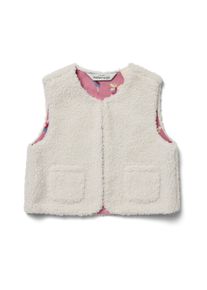 Tchibo - Kinder-Teddyweste - M&auml;dchen - Gr. 110/116 - creme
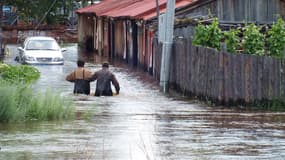 Des images d'inondations en Mongolie intérieure, en Chine, le 25 juillet 2013. (Photo d'illustration)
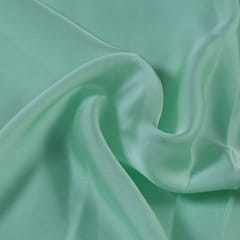 Mint Green Colour Georgette Satin fabric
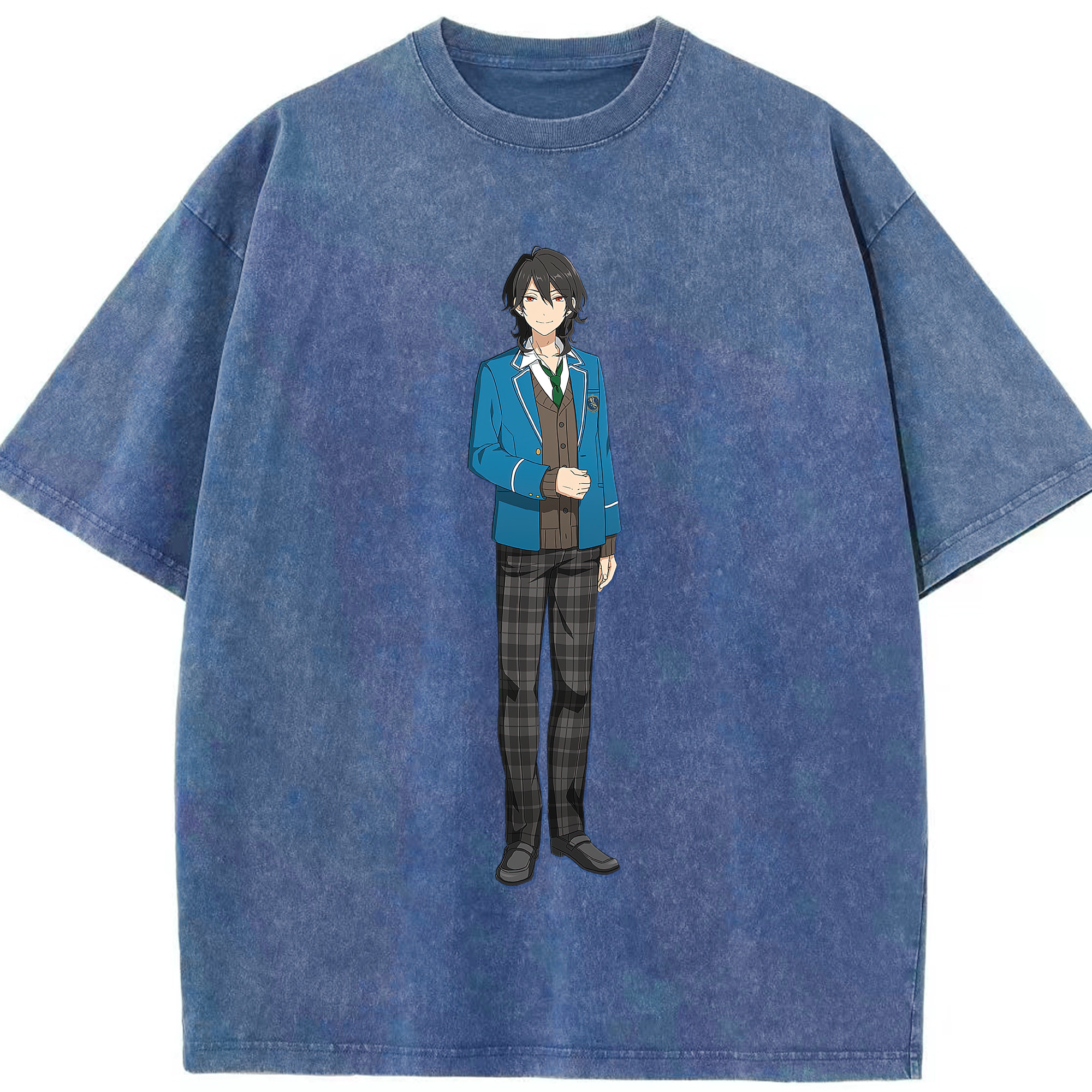 あんさんぶるスターズ! Ensemble Stars 綿100% ヴィンテージ風 半袖Tシャツ（フロントプリント）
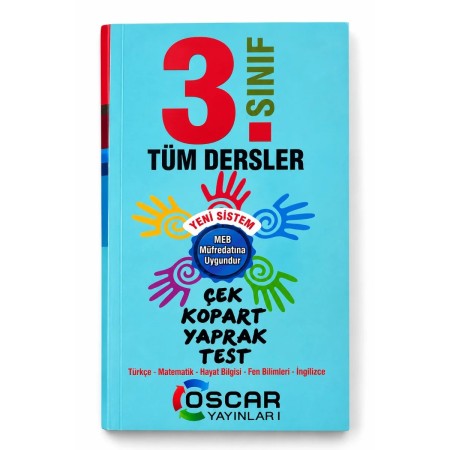 Oscar Yayınları 3. Sınıf Tüm Dersler Çek Kopart Yaprak Test/ Türkçe-Matemetik-Hayat Bilgisi-Fen Bilimleri-İngilizce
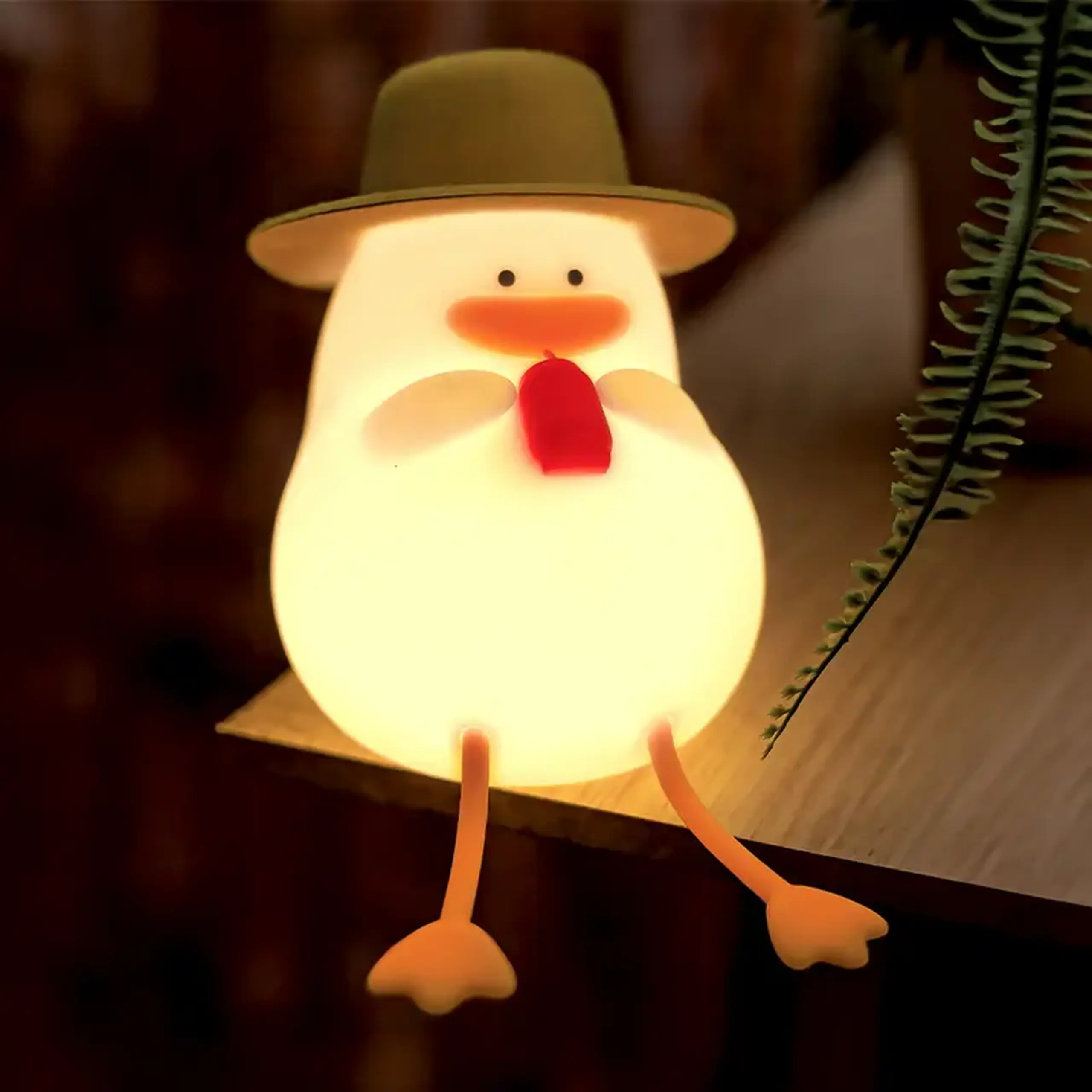 Lampă de noapte Forever light Summer duck, Roz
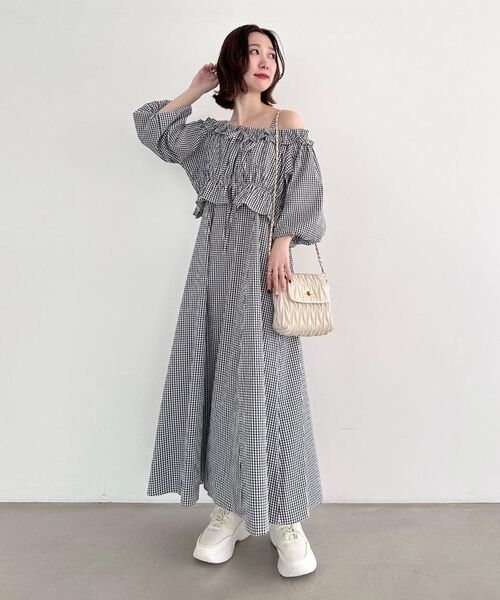 MAJESTIC LEGON（マジェスティックレゴン）の「マルチwayブラウスセットワンピース（ワンピース・レディース・ブラック系その他/ブルー/ブラック/アイボリー・MEDIUM/SMALL）」の15枚目の写真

• _Required action_: Give every record again exactly, apart from the pictures, which stay out.

• _Solved problem_:
 Tchibo - Kinder-Teddyweste - M&auml;dchen - Gr. 110/116 - creme
 Des images d'inondations en Mongolie intérieure, en Chine, le 25 juillet 2013. (Photo d'illustration)
 Mint Green Colour Georgette Satin fabric
 あんさんぶるスターズ! Ensemble Stars 綿100% ヴィンテージ風 半袖Tシャツ（フロントプリント）
 Oscar Yayınları 3. Sınıf Tüm Dersler Çek Kopart Yaprak Test/ Türkçe-Matemetik-Hayat Bilgisi-Fen Bilimleri-İngilizce
 Lampă de noapte Forever light Summer duck, Roz
 MAJESTIC LEGON（マジェスティックレゴン）の「マルチwayブラウスセットワンピース（ワンピース・レディース・ブラック系その他/ブルー/ブラック/アイボリー・MEDIUM/SMALL）」の15枚目の写真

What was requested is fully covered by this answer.